Il n’existe à ce jour aucun exemple de pays au monde où les américains ont véritablement œuvré pour l’émergence d’Etats démocratiques. Ils ont toujours fait le choix de la tyrannie contre la démocratie. Ils sont comme leurs godillots wahhabites : puritains chez soi mais luxurieux chez le voisin.
Après avoir contribué à l’intronisation des islamistes en Tunisie, comme en Libye et en Egypte, pour en faire des gardiens fidèles des dogmes wahhabites dans ces pays, il faut être atteint de cécité intellectuelle et d’altération totale des facultés mentales pour ne pas s’en rendre compte que le seul laboratoire dont on peut légitimement parler est que ce pays est devenu un terrain d’essai de recyclage tout démocratique des anciens agents du terrorisme wahhabite qui n’est pas sans rappeler dans ses modalités et finalités la prise de pouvoir des nazis en Allemagne en 1933.
A moins qu’il ne s’agisse d’un tout autre laboratoire encore plus redoutable qui dissimule des enjeux géostratégiques, géopolitiques et géo-énergétiques périlleux pour la stabilité de la région et par ricochet de l’Europe elle-même. Hungtinton semble avoir ou feint d’oublier que la doctrine américaine de politique étrangère est l’art d’utiliser le mal pour éradiquer et combattre le mal. S’alliant avec le diable pour pouvoir mieux le contrôler et le dominer. Naïfs, ils semblent ignorer que les relations internationales est un jeu de rapports de force et de pouvoir, et non une kermesse américaine avec un spectacle de marionnettes.

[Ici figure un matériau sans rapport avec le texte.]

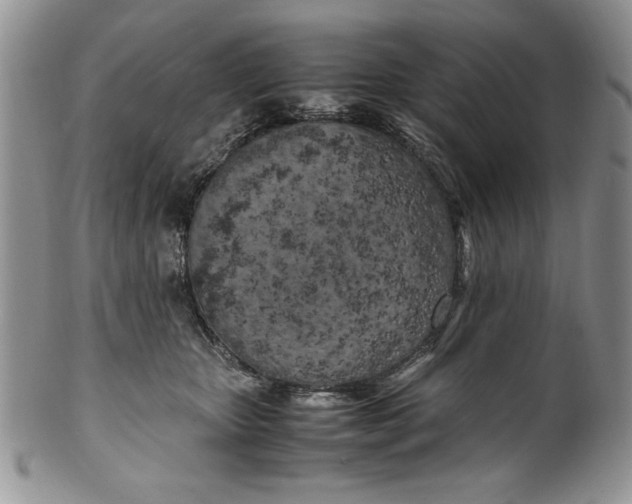 X0000099930467200806131407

Au lieu de mener une guerre directe à la civilisation islamique, autant se servir de ses propres cellules cancéreuses pour la miner et l’anéantir. Il n’y a pas mieux pour elle que la gangrène wahhabite pour faire d’une pierre deux coups : wahhabiser la civilisation islamique, c’est-à-dire sa mise à mort et mettre la main sur les formidables ressources naturelles des pays arabophones.

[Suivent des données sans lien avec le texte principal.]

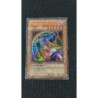 Magicienne des Ténèbres RDS-FRSE2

Cependant les Américains n’ont toujours pas retenu la leçon de l’Iran dont ils voulaient faire aussi un laboratoire de la démocratie dans les pays musulmans et qu’à force de surestimer leur propre force et de mépriser l’adversaire, surtout quand il est le produit d’une culture autodestructrice et obscurantiste, ils oublient l’effet boomerang de leur stratégie perverse et sournoise qui fait de la terreur un instrument pour lutter contre le violence terroriste inhérente à la civilisation islamique fondamentaliste.
C’est moins cette civilisation qui s’avère être la source des maux contemporains que l’approche américaine pour la contrer et l’annihiler. Après avoir contribué à la création d’Al-Qaïda pour lutter contre le communisme en Afghanistan qui leur infligé la morsure mortelle du cobra, les Yankees sourds et aveugles continuent à reproduire les mêmes erreurs du passé en laissant Al-Qaïda financée par leurs filleuls wahhabites du Qatar et des Saoud proliférer en Tunisie qui est en train de se transformer en sanctuaire djihadiste aux portes de l’Europe et qui ne manquera pas de devenir le cas échéant une base-arrière de la déferlante wahhabite sur l’Algérie si la Syrie tombe sous le joug du terrorisme wahhabite.

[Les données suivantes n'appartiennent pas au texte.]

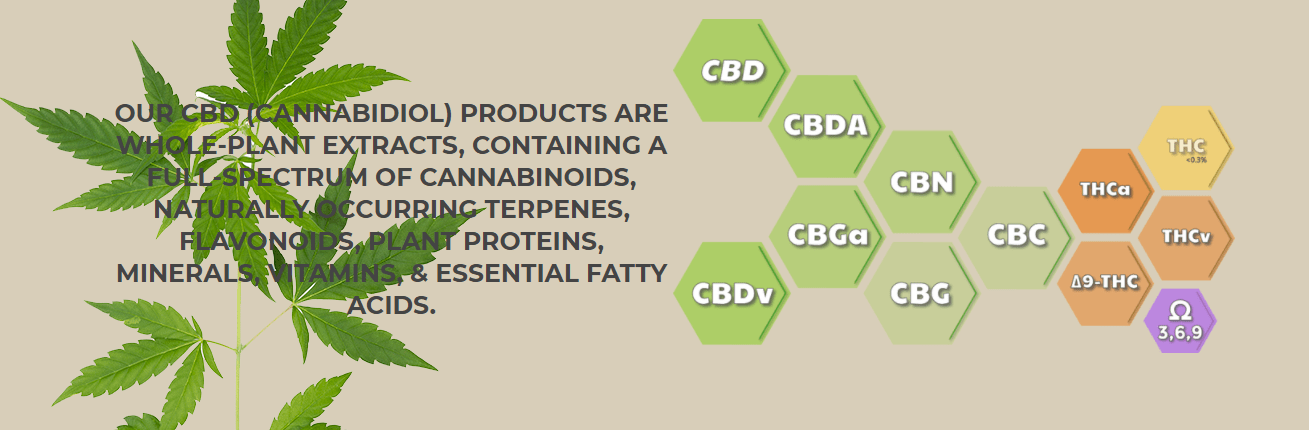 Perks of Using Absolute Nature CBD Coupon Codes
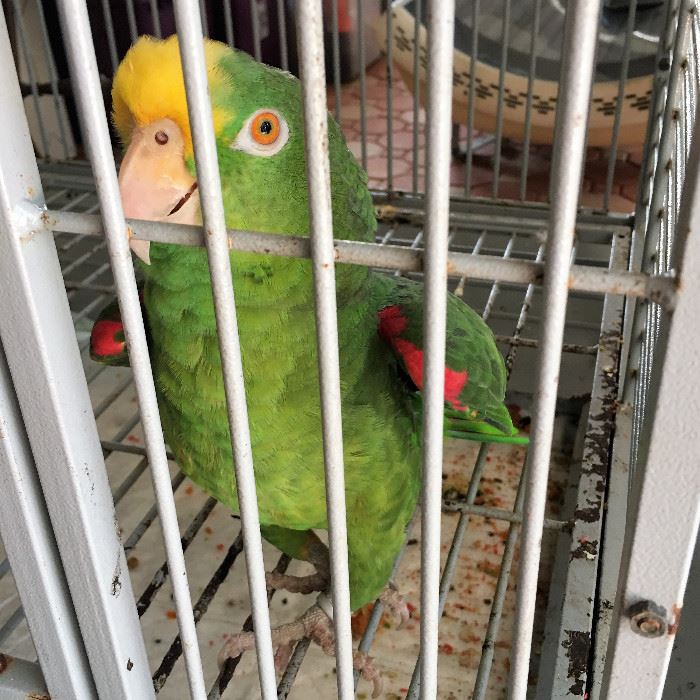 Meet "Fowler".  Fowler is a 25 year old yellow crown Amazon parrot with a 90 word vocabulary.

En faisant du wahhabisme le fer de lance de leur politique étrangère pour les pays arabes sous couvert de démocratie, dont ils s’avèrent être les pires ennemis en la sacrifiant sur l’autel de la théocratie et de l’obscurantisme, les Américains ne sont pas conscients qu’ils sont en voie de creuser la tombe de la civilisation occidentale elle-même.